Le constat vient d’être dressé par des chefs d’entreprise, des responsables politiques et des membres de centres de recherche et spécialistes en politiques de développement qui se sont penchés sur les économies africaines.

« Notre banque opère dans une trentaine de pays africians avec autant de régulateurs différents. Chaque pays a ses propres lois, c’est très complexe. Et il faut ajouter les directives des différentes banques centrales et certaines règles internationales de finance», a déclaré récemment le PDG de la banque panafricaine Ecobank, Jeremy Awori, lors du forum Africa CEO organisé dans la capitale ivorienne, Abijan, repris par l’AFP.

Abondant dans le même sens, le secrétaire général de la Zlecaf, Wamkele Mene, estime, à juste titre, que «la fragmentation de notre continent s’est aggravée ces dernières décennies et chaque activité africaine a été négativement affectée par cette fragmentation», citant comme exemple éloquent «des sociétés ayant des filiales au Rwanda et en République démocratique du Congo, distantes d’une vingtaine de kilomètres seulement mais qui sont contraintes de passer par une banque new-yorkaise pour faire des transferts d’argent».

Pour en finir avec cette forme de dispersion du potentiel économique de l’Afrique, le SG de la Zlecaf réitère son appel : «Nous devons créer un marché unique pour tous nos pays, faire tomber les barrières et créer un cadre réglementaire harmonisé.»

Pour sa part, le directeur des ports et terminaux au sein de l’entreprise Africa Global Logistics, Olivier de Noray, rappelle que «le commerce intra-africain doit se développer, il ne représente que 20% des volumes d’échanges aujourd’hui. Le marché commun est un outil très important».

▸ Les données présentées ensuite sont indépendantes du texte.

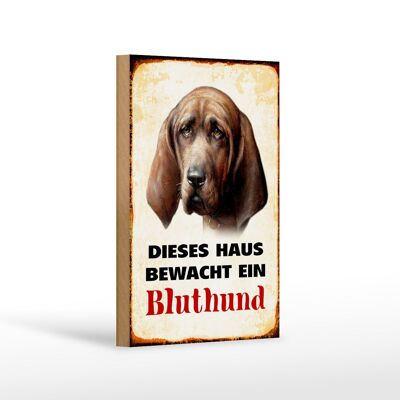 Holzschild Hund 12x18 cm dieses Haus bewacht ein Bluthund Dekoration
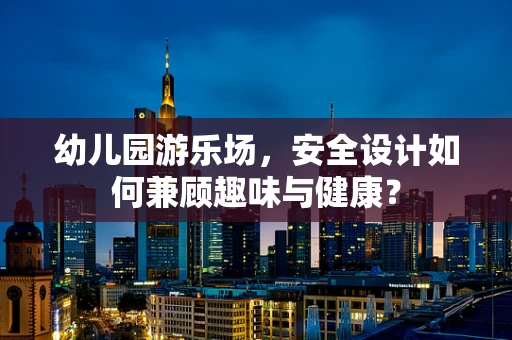 幼儿园游乐场，安全设计如何兼顾趣味与健康？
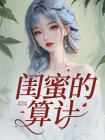 《闺蜜的算计》小说全集免费在线阅读（周靖宇卿卿）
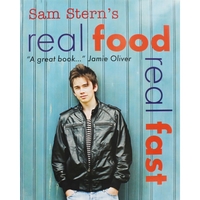 Sam Sterns Real Food Real Fast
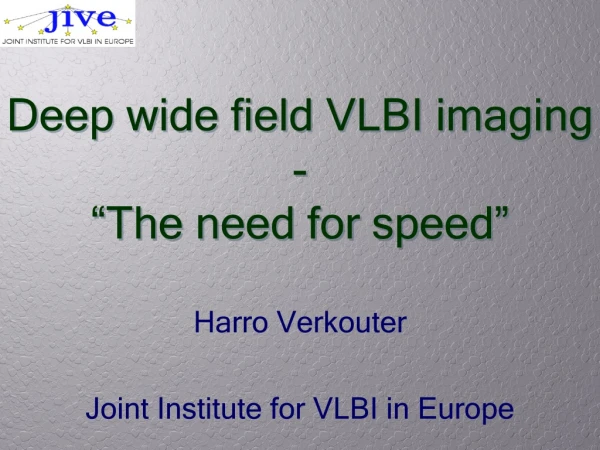 Deep wide field VLBI imaging - “The need for speed”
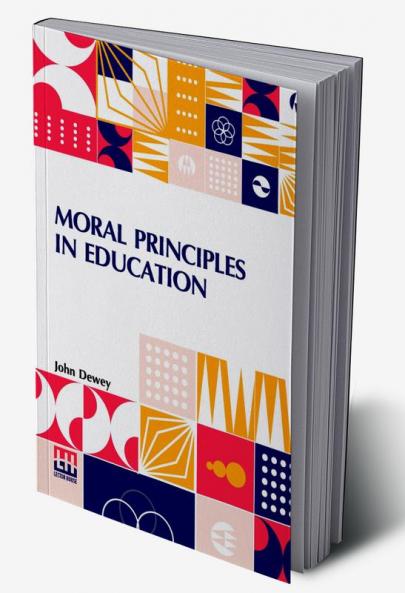 Moral Principles In Education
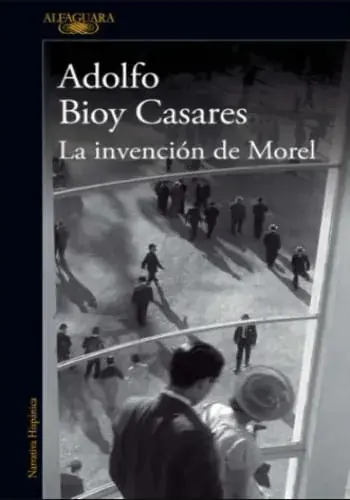 LA INVENCION DE MOREL LA INVENCION DE MOREL Precio Rebajado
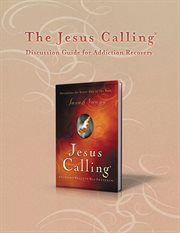 The Jesus Calling Discussion Guide for Addiction Recovery : 52 Weeks cover image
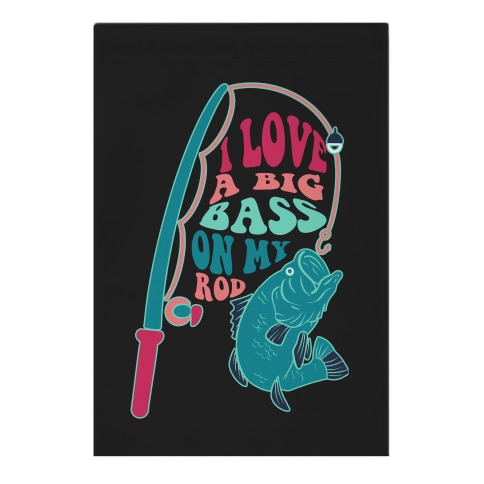 I Love a Big Bass on My Rod Garden Flag
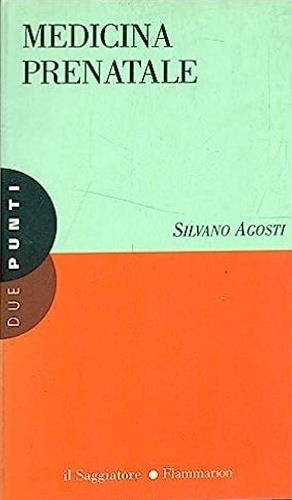 La medicina prenatale - Silvano Agosti - copertina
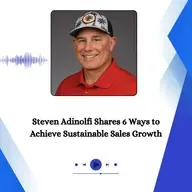 Steven Adinolfi Shares 6 Ways to Achieve Sustainable Sales Growth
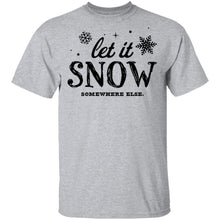 Let It Snow Somewhere Else T-Shirt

Pour y parvenir, l’accent a été mis sur la nécessité d’«accélérer l’émergence d’une génération de champions africains». Pour ce faire, ce ne sont pourtant pas les potentialités qui manquent, lorsque l’on sait que, ont rappelé les participants au forum d’Abijan, que pas moins de 345 entreprises économiques dépassant un milliard de dollars de chiffre d’affaires annuellement ont été recensées à travers l’Afrique, dépassant ainsi l’Amérique latine, n’ayant que 210 ou l’Inde avec 170.

Les droits de douane dépassent 50% de la valeur de certains produits

Mais les lacunes de l’économie africaine résident dans sa dynamique, puisque le nombre de ces entreprises est en recul de 6% depuis 2015, alors qu’il a progressé de 30% en Amérique latine et en Inde, a-t-il été fait remarquer sur la base d’études du FMI et de la Banque mondiale.

Pendant que la mise en place d’un marché commun traîne le pas, les entreprises du continent subissent le fardeau des droits de douane, dépassant 50% de la valeur de certains produits et représentant une part importante des recettes fiscales de plusieurs pays.

En plus des droits de douanes, les barrières non tarifaires, comme les démarches administratives multiples pour l’exécution d’une opération d’exportation vers un pays africain et les longues attentes des produits aux frontières aggravent la situation et démotivent les entreprises du continent. Pourtant, comme vient de le rappeler le directeur général de la Société financière internationale (IFC), Makthar Diop, «nous ne pouvons pas continuer d’être dépendants, notamment des importations de produits agricoles».

Pour mieux illustrer le marasme que subissent les entreprises africaines lorsqu’il s’agit d’effectuer une opération d’exportation, une étude à travers laquelle l’Union africaine a constaté que «l’expédition d’un véhicule du Japon vers la Côte d’Ivoire coûtait trois fois moins cher que l’expédition du même véhicule de la Côte d’Ivoire vers l’Ethiopie» a été citée lors du forum Africa CEO.